И тогда мы просто устроились поудобнее, и ели, и глядели, как все остальные танцуют до упаду. Видели бы вы, как отплясывают Этель с Рэем Баком. Вот это зрелище! Лучше даже, чем Фред Астер и Джинджер Роджерс, если спросите мое мнение. Этель ненадолго выкатила миссис Галецки в инвалидном кресле, и пусть все сплетничали, прикрываясь руками, про то, как мистер Гэри сбежал с падре Джимом и как они оба попадут в ад, но я-то видела, что это не заботит миссис Галецки, или, может, это новое лекарство заставило ее так часто улыбаться.

Тем вечером Тру сделала серьезную заявку на свою карьеру самой толстой дамы в мире, да и я тоже, до того мы обе налопались. Спагетти с фрикадельками от Наны Фацио, и солонина от миссис О’Хара (которая как раз собиралась стать миссис Офицер Риордан), и «трущобное лакомство» от миссис Бюшам. Нелл даже приготовила мамину особую запеканку из макарон с тунцом и картофельными чипсами (все равно немножко подгорело, но гораздо меньше, чем в прошлый раз). Конечно, Этель испекла песочные кексы по рецепту штата Миссисипи. И миссис Голдман принесла в соломенной корзинке несколько чудесных помидоров из своего сада. Миссис Кенфилд пришла одна и с пустыми руками.

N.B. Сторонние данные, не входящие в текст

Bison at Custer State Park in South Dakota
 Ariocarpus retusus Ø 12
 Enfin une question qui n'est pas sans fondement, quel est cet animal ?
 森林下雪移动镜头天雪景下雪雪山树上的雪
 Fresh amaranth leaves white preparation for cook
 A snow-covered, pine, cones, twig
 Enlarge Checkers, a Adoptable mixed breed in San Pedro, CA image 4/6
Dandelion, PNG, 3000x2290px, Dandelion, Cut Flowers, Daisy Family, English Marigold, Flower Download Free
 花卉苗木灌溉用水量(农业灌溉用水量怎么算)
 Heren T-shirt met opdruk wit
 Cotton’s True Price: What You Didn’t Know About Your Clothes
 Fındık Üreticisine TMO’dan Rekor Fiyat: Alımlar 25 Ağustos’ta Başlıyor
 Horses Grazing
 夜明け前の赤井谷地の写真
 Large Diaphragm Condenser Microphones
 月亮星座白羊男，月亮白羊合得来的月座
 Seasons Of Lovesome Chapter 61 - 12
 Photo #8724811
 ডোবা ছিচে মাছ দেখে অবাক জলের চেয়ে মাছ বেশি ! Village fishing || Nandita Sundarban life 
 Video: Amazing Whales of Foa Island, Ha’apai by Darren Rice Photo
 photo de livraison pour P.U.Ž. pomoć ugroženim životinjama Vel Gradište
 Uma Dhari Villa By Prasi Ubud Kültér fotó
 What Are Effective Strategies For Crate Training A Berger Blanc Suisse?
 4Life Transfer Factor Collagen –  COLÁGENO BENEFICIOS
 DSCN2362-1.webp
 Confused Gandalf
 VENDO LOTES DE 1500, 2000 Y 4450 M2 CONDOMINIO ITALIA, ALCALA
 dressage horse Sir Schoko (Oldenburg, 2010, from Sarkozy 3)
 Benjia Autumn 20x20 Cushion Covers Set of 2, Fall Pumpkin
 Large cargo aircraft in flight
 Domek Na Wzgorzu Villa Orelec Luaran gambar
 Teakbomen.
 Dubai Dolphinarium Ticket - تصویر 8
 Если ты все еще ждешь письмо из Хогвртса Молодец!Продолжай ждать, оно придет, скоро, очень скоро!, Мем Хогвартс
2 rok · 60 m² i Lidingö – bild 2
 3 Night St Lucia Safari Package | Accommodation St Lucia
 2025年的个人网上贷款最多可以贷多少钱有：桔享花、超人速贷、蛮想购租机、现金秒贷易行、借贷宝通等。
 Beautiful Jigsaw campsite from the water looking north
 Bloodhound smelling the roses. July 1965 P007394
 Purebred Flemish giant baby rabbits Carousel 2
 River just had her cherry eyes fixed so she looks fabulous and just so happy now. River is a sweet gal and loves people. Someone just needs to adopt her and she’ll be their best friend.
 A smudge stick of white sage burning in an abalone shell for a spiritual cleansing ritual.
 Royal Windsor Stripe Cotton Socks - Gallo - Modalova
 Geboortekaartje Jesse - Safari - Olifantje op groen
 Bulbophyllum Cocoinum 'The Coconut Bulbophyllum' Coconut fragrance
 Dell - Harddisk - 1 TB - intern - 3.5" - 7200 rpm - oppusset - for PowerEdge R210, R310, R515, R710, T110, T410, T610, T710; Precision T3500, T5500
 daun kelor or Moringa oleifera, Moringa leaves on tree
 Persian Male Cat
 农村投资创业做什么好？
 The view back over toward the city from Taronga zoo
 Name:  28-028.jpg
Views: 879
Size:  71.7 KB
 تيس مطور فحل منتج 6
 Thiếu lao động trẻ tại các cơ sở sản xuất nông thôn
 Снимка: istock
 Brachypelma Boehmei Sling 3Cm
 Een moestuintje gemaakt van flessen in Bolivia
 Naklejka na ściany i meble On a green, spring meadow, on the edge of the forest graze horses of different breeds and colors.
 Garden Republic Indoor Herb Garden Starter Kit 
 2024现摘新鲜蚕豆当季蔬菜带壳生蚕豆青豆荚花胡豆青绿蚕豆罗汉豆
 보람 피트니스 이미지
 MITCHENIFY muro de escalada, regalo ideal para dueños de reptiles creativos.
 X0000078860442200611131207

Пока все танцевали под «Прогулку», у меня раззуделись растущие ноги, и я решила немного размять их. Стало уже совсем темно, и сверчки затянули свои песенки, и я поняла, что хочу услышать скрип-скрип-скрип кресла-качалки. Я скучала по этим звукам, хотя мне всегда становилось от них одиноко. И встала перед домом Кенфилдов, и слушала, как вдалеке Тру смеется в такт «Собачьему вальсу», и Нана Фацио кричит что-то по-итальянски, и все дружно хлопают под музыку. А потом посмотрела на крыльцо и увидела большую тень в кресле. Я подумала: что это на меня нашло? Повернулась, чтобы вернуться на вечеринку, но мистер Кенфилд позвал из темноты:

— Поди сюда, Салли.

Я поднялась по ступеням, и всего на секунду мне подумалось, что надо сбежать, но потом он похлопал по широкому сиденью кресла, так что мне вроде как пришлось сесть, потому что я не хотела показаться неучтивой, но мое сердечко, оно принялось колотиться о ребра с такой силой, будто его там закрыли в грозу. Я побаивалась мистера Кенфилда. И не могла припомнить, чтобы он когда-нибудь прежде заговаривал со мной. Он, наверное, собирался хорошенько отчитать меня за то, что мы с Тру то и дело таскали всякое из его магазина, или, может, он даже отзовет мистера Дэйва с вечеринки — сказать ему, что мне самое место в исправительной школе.

Я сидела рядом с ним и смотрела на его руки. Ногти настолько погрызены, что напоминают полумесяцы.

— Почему вы не пошли на праздник квартала, мистер Кенфилд?

Он выбросил сигарету в кусты.

— Не праздничное настроение.

— Из-за Дотти?

В тусклом свете лампочки над крыльцом я видела, как его лицо сделалось почти безумным. Похоже было, сейчас мистер Кенфилд заорет на меня диким голосом, но затем оно разгладилось.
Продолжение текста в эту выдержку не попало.